The company was started last June and is part of the Accelerate Cambridge programme at the Cambridge Judge Business School, with laboratory premises currently based in the EpiCentre innovation facility in Haverhill.

CodiKoat has a team of 14 based at the EpiCentre, says Dr Saberi.

The CodiKoat team are, from left: Dr Reza Saberi, Dr Matin Mohseni and Dr Payam Nahavandi
The CodiKoat team are, from left: Dr Reza Saberi, Dr Matin Mohseni and Dr Payam Nahavandi

“Of the team of 14, eight are scientists,” Dr Saberi, a doctor of philosophy, PhD Physics rom the University of Cambridge, says. “Our main lab is at the EpiCentre, and we also have some lab space at the Graphene Centre at the Cavendish Laboratory.”
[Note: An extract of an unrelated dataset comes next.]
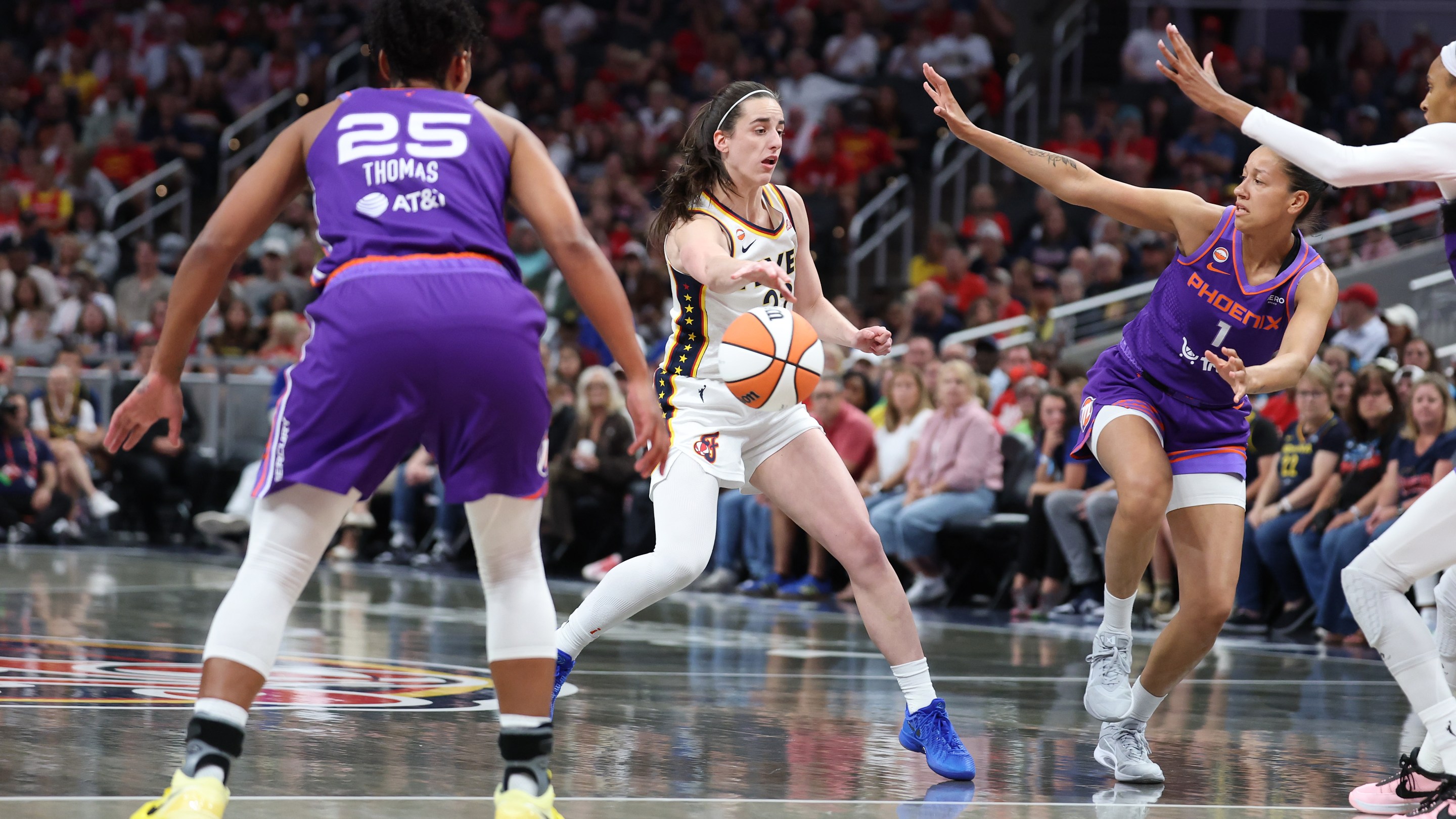 Caitlin Clark #22 of the Indiana Fever passes the ball during the game against the Phoenix Mercury at Gainbridge Fieldhouse on June 24, 2026 in Indianapolis, Indiana.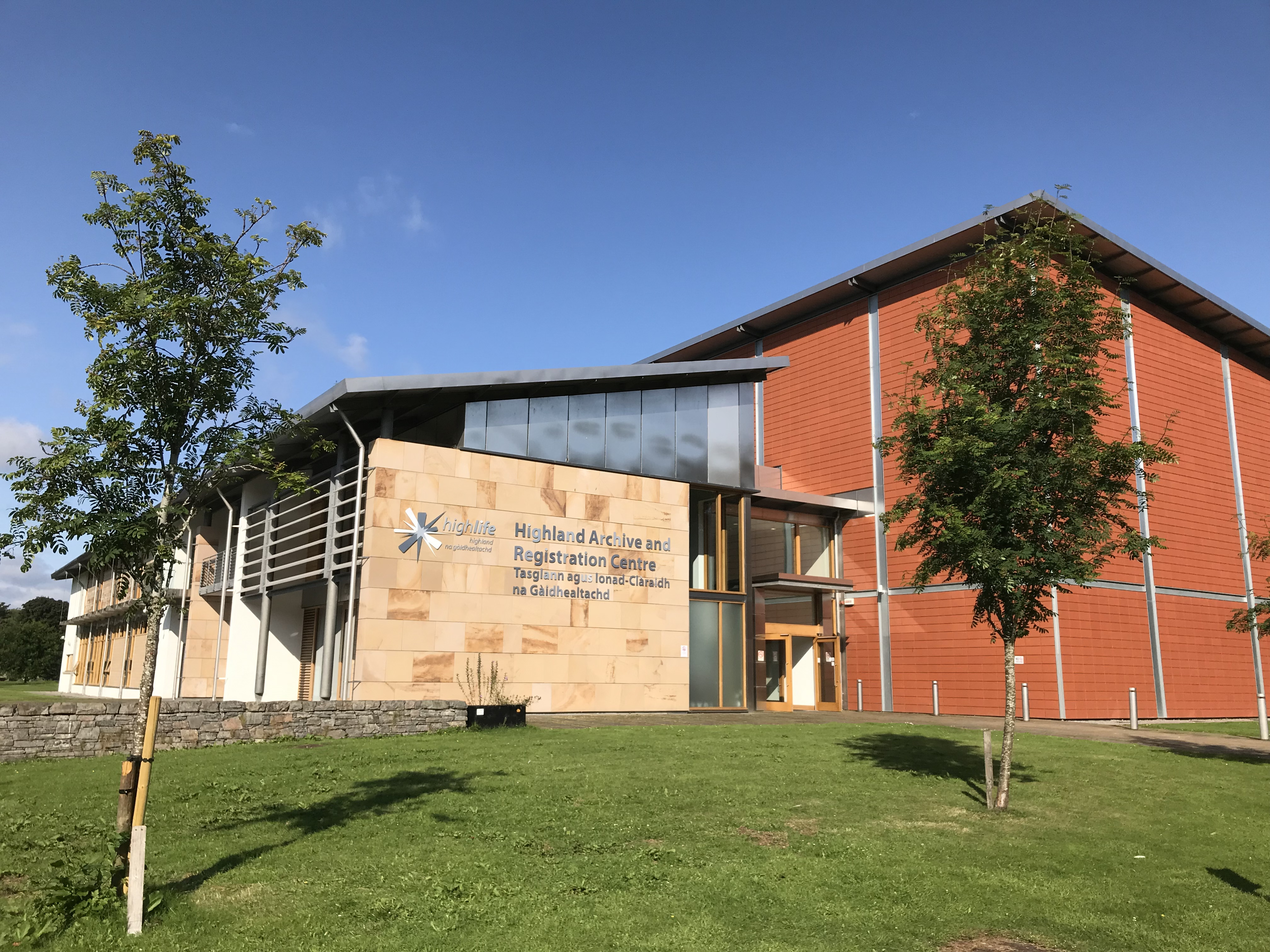 A modern building with light stone walls and large windows, labeled “Highland Archive and Registration Centre,” stands on a neatly maintained grassy lawn. Two small trees are in front of the building, and the sky above is bright and clear.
In terms of fomite transmission, there have long been concerns about what happens at ports, airports and ATMs, where millions of possible sites of infection are potentially activated every day.

CodiKoat is currently collaborating with BDK and Hardshell, which are leading manufacturers of adhesive materials and facemasks in the UK, to develop antiviral/antimicrobial adhesive sheets and facemasks.

Dr Saberi added: “Our unique anti-viral surface coating blends electricity and chemistry to provide simple, immediate and long-lasting protection against microbes and viruses, including Covid-19.”

Dr Saberi incorporated CodiKoat in June 2020, and subsequently joined the Accelerate Cambridge programme, which he says gives “invaluable advice and direction in order to speed up our progress”.

That progress caught the eye of health secretary Matt Hancock last month, when he did a virtual toured the EpiCentre, where vaccinations are also being carried out.

Mr Hancock, who confirmed that touch is a core vector in the transmission of coronavirus, said of CodiKoat’s product: “That’s amazing, I could see the benefit of this immediately including within the NHS.”

The health secretary asked for more details to be sent to him.

Dr Saberi says: “As a result, we were contacted by the Department of Health and Social Care for more information and are connecting with them.

“I think people are starting to get a bit bored of being in quarantine, and they’re not sure how long this pandemic is going to last. We need to do something that can help people get back to a normal life much quicker, so we’re using all our expertise and knowledge to make progress.

“I’m sure this is going to get to the market quickly and will make a big impact on people’s lives.”

An Innovate UK spokesperson said: “Innovate UK runs open competitions offering grant funding for innovative projects. In the past 12 months it has supported hundreds of companies with £550m as part of the UK’s effort to address Covid-19.

“These competitions are independently assessed by experts against agreed criteria. CodiKoat was awarded funding to develop and test technology for an anti-viral coating which has applications for items such as reusable face masks that will reduce plastic waste going to landfill. We think this technology is promising and we monitor the progress of its development closely to ensure best value for taxpayers’ money.”